WHAT IS BEING ASKED
Without changing a word, copy every line of the listing below and leave out the images.

EXERCISE DATA section start

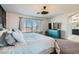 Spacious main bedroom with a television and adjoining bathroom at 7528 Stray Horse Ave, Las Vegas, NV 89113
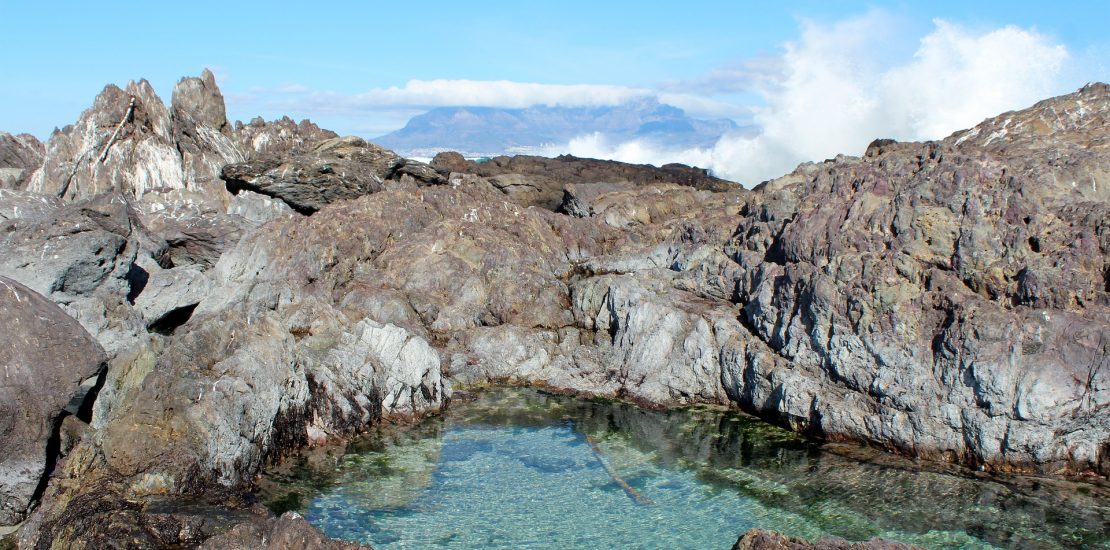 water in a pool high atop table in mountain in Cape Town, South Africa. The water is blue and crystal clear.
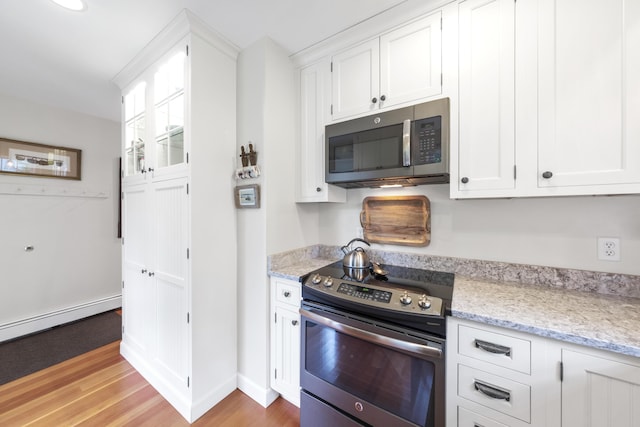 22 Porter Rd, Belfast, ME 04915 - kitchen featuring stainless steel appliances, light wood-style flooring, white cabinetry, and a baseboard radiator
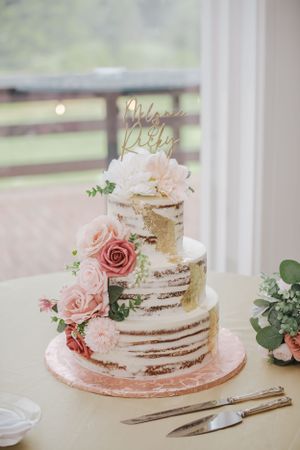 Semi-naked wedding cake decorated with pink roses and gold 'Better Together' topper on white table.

EXERCISE DATA section end

SOLUTION TO THE EXERCISE
 Spacious main bedroom with a television and adjoining bathroom at 7528 Stray Horse Ave, Las Vegas, NV 89113
 water in a pool high atop table in mountain in Cape Town, South Africa. The water is blue and crystal clear.
 22 Porter Rd, Belfast, ME 04915 - kitchen featuring stainless steel appliances, light wood-style flooring, white cabinetry, and a baseboard radiator
 Semi-naked wedding cake decorated with pink roses and gold 'Better Together' topper on white table.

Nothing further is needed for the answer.